2. Giving it All Away Too Soon. Now, I've read Stacia Kane's Be a Sex Writing Strumpet. I know that love scenes are about developing the plot and the characters. I know that they should change and deepen as the story progresses, perhaps become more explicit. I still did it wrong. There's too much, too soon.

3. More Twists than Category 5 Cyclone: It seems I'm constitutionally incapable of Keeping Things Simple. I have a maximum of 15,000 words. I need to pack strongly sensual punch. So there's not a lot of word count spare to offer to action. And what do I do? I make my hero and heroine a military intelligence officer and a French double agent intent on a daring escape. Of COURSE I do. And of course I throw in the fact she first appears in disguise, the fact he has to work out she IS a spy and the complication of a French Spymaster and I have enough complication to last me happily through 90,000 words. Because I love to make my own life difficult.

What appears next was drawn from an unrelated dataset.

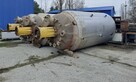 Reaktor chemiczny/Mieszalnik przemysłowy/Zbiornik procesowy - 9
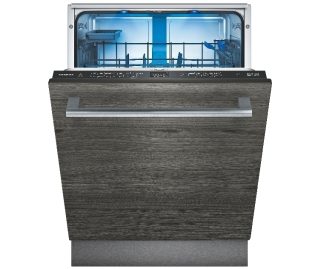 SIEMENS vaatwasser verhoogd inbouw SX65EX00BN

10,000 words in and I'm having to condense important scenes into a few lines because... well I'm running out of space. And they've only made love once. And, you will recall, it was Too Much. Why? Because I've spent too much time having them bash guards over the head, steal horses and murder French spies for them to so much as steal a kiss behind the stable block.

And where does that leave me?

Writing a depressed email to my clever critique partner, who generally has the ability to stand back and point out the problems and even better, to suggest some solutions.

So here's what I'm going to do:

1. Cut. And start by bringing the hero and heroine together in line one.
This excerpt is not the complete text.